The major downside to this set-up is that the software only supports data transfers in one direction; you can stream media from the Satellite, but you can't push data to it over Wi-Fi. In fact, you can't permanently transfer data from the hard drive to a connected PC, etc, only temporarily transfer data during a media stream. This is a big chink in the Satellite's armour, which massively restricts the use cases for this drive down to just "sitting on [insert mode of transport] and listening to/watching media". When you are paying a huge premium for the Wi-Fi component in this drive, we'd expect it to be more versatile.

Performance

Seagate's website advertises "reliable skip-free streaming" up to 30 feet, or just over 9 metres. This is an extraordinary claim if you think about it: 9 metres will be the distance across two, maybe three, rooms in a house, so you really do have to think about where you will watch the movie on your iPad and make sure the Satellite is nearby — there's no setting it next to your PC and forgetting about it.

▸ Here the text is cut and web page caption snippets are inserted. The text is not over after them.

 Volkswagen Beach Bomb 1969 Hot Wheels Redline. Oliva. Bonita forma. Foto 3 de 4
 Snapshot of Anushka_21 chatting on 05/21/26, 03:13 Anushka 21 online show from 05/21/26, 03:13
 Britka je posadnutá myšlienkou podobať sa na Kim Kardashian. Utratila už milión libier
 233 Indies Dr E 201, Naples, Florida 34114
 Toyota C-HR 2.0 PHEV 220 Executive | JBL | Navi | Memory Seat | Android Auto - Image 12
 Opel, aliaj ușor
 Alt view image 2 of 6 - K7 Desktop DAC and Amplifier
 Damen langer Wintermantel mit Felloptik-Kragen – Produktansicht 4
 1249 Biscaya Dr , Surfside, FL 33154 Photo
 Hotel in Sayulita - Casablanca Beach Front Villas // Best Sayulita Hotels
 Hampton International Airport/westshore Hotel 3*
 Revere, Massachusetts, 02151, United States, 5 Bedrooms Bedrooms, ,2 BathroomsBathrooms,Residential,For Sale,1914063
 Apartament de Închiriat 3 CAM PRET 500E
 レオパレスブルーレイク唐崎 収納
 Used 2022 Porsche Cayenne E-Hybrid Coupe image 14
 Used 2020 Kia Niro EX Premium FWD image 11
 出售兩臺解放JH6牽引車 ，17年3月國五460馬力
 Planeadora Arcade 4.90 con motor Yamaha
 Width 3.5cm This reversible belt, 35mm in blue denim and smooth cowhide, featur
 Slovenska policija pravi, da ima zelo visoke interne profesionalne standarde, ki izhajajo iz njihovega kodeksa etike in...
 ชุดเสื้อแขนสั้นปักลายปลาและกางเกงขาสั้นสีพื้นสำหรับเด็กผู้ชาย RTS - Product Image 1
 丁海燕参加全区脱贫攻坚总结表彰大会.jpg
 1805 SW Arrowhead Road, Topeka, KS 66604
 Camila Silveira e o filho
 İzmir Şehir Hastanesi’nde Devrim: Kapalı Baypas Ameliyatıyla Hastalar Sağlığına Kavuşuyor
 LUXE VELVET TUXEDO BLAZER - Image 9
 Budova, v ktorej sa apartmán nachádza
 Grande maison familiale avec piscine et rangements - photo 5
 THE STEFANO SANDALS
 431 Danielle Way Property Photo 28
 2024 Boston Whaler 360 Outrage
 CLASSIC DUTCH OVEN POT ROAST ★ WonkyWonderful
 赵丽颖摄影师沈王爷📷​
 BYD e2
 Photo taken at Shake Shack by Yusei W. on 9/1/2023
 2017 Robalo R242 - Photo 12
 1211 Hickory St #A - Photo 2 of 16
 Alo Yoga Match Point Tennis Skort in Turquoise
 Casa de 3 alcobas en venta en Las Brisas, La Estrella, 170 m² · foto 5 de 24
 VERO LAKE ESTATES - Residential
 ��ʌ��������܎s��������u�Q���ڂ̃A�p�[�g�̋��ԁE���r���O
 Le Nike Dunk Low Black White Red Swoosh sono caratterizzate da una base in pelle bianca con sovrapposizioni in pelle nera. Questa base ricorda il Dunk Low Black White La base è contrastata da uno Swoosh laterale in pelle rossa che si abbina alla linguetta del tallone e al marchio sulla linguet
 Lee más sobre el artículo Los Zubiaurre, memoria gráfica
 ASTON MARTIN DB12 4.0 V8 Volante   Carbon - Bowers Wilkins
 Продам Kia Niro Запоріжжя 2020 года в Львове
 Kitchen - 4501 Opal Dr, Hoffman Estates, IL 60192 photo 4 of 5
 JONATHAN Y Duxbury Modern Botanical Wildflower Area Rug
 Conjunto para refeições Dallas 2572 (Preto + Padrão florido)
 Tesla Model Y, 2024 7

Anecdotally, we found this meant that you can have the Satellite in one room and use it in the room adjacent, but no further. Obstacles of more than a single solid wall were often too much for the Satellite's Wi-Fi radio, where our video files would pause to buffer frequently enough to make the videos unwatchable.

On the topic of video files, it's worth noting that the GoFlex Satellite is not a media renderer: it pushes the media files to your portable device, but it is still the device's responsibility to play the files. For example, on a Galaxy S II smartphone we could play some DivX video content, but on an iPad 2 we could only play H.264, MP4 or QuickTime files, as per the limitations of Apple's tablet.

The GoFlex satellite supports up to three simultaneous streaming connections, a claim we were able to verify when all devices were in reasonably close proximity to the drive. Seagate estimates 5 hours of streaming playback to a single user and 25 hours of standby.

Overall

In certain circumstances, the wireless component of the GoFlex Satellite will be a godsend. Those regularly away from home on long-haul flights will appreciate the portability of this hard drive and its ability to communicate with tablets and laptops without the need for cables.

But most other people shopping for a portable hard drive will quickly notice that you could pay a third of the asking price of the 500GB GoFlex Satellite and get double the storage. This cheaper hard drive won't communicate wirelessly with your iPad, but then is this feature really worth the extra AU$100-plus you'll pay for the Satellite? If Seagate releases a similar drive that you can transfer data to and from over Wi-Fi then we'll be excited to see it, but as it stands, we recommend you have a close look at the Satellite in its current form, with its various limitations, before committing to a purchase.